Türkiye`nin Avrupa Birliği`ne üyelik konusunda dönmesi gereken birinci köşe Helsinki Zirvesi idiyse ikincisi de 8 Kasım 2000 Çarşamba günü Katılım Ortaklığı Belgesi (KOB)`nin açıklanması olacak. Avrupa Birliği Komisyonu`nun Genişlemeden sorumlu Komisyoneri Günter Verheugen, Türkiye saati ile 15:30`da başlayacak olan oturumda Avrupa Parlamentosu`na Türkiye`nin AB`ye katılım sürecine ilişkin stratejisinde AB`nin beklentilerini ve bunların yerine getirilmesi için öngörülen zamanlamayı yansıtan Katılım Ortaklığı Belgesini (KOB) takdim edecek. Burada yaptığımız temaslardan da anlıyoruz ki Türkiye`nin geleceği açısından çok şeyler ifade edecek bu belge üzerindeki pazarlıklar hafta sonu da devam etti ve belki son dakikaya kadar devam edecek.

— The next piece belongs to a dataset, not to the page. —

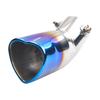 Exhaust Tube Anti-oxidizing Rustproof Straight Heart Shaped Universal Car Exhaust Muffler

Komisyoner Verheugen, Türkiye KOB`unu Avrupa Birliği`ne üyelik yolunda ilerleyen ve KOB`ları daha evvelden yürürlüğe girmiş olan diğer 13 ülkenin İkinci Düzenli Gelişme Raporları ile birlikte sunacak. Dolayısıyla, Avrupa Birliği kamuoyu, açıklanacak Türkiye stratejisinden çok bu ülkelerin gösterdiği gelişmenin, genişleme açısından ne manaya geleceği ile ilgili. Zira, Avrupa Birliği Konseyi`nin Biarritz`deki son toplantısında su yüzüne çıktığı gibi, aday ülkelerin Birliğe kabule mevcut üyeler açısından bir sürü dert açacak.


BÜYÜK ÜYE - KÜÇÜK ÜYE;

Bunların başında Avrupa Birliği kurumlarında yeniden düzenlemeler ve icra ve yasama organlarındaki temsil haklarının yeniden dağılımı geliyor. Bu konu, şüphesiz beraberinde büyük üye ­ küçük üye ayırımını ve dolayasıyla Avrupa Birliği`ne kim hakim olacak mücadelesini kuvvetlendiriyor. Aday ülkeler de Verheugen`in açıklayacağı İkinci Düzenli Gelişme Raporları`nın kendileri açısından ne anlama geleceğini merakla bekliyorlar. Çünkü, söylenenlere göre, Verheugen`in çarşamba günü Avrupa Parlamentosu önünde, önde olduğu söylenen aday ülkelerle bile yapılmakta olan müzakerelerin 2002 yılından önce bitirilemeyeceği ve ilk yeni üyeliklerin 2004 yılından önce mümkün olamayacağı şeklinde bir ikazda bulunması bekleniyor.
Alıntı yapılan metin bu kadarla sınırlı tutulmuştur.